E a pergunta é porque o Governo tem contemporizado com esta situação. Pode ser por razões conjunturais: para Marcelo e António Costa, por motivos diversos, Pedro Passos Coelho é o homem a derrubar da liderança do PSD. E é indiscutível que o Presidente da República tem suportado a atual solução governativa e dado um inestimável apoio ao Executivo, quando salienta os bons dados económicos ou factos positivos em detrimento de indicadores menos favoráveis ou acontecimentos negativos.

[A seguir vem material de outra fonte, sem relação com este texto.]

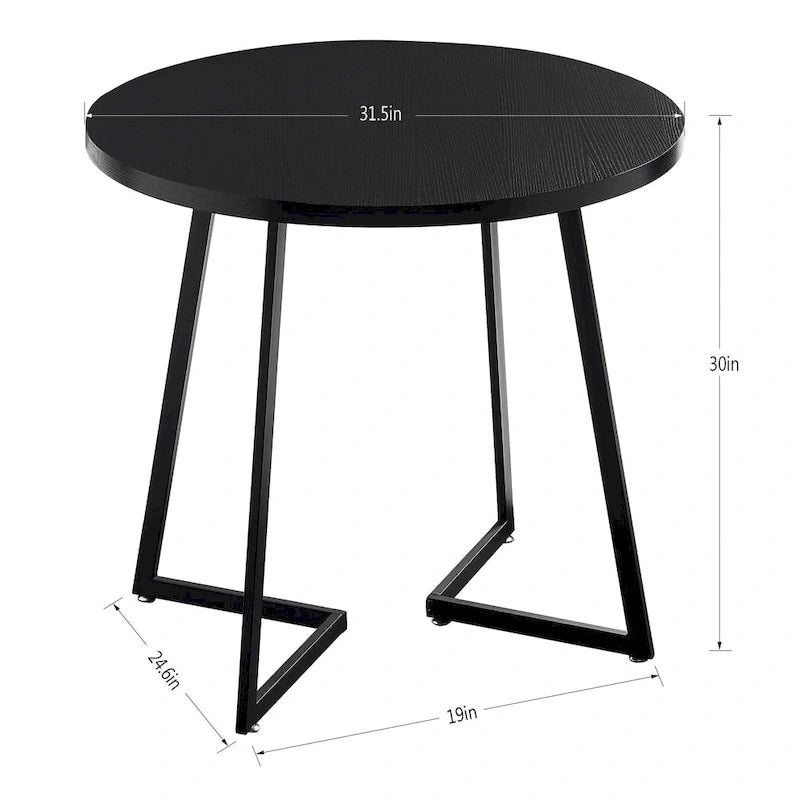Javlergo 31.5  Round Dining Table Modern Leisure Table with Metal Leg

A lua-de-mel, contudo, está a levar o Presidente a entrar nos terrenos do Governo. Por enquanto, ainda não há fricções. Mas quando as coisas começarem a correr mal – e um dia vão inevitavelmente correr – aí se verá que este conúbio lunar não é um bom caminho. É que se o Presidente se convence que também pode fazer uma perninha como primeiro-ministro, então é bom que alguém lhe lembre que o nosso regime não é presidencialista mas semi-presidencialista (coisa que ele sabe muito bem). Traduzindo em linguagem africana, cada macaco em seu galho. E neste momento há quem ande a saltar para o galho do outro.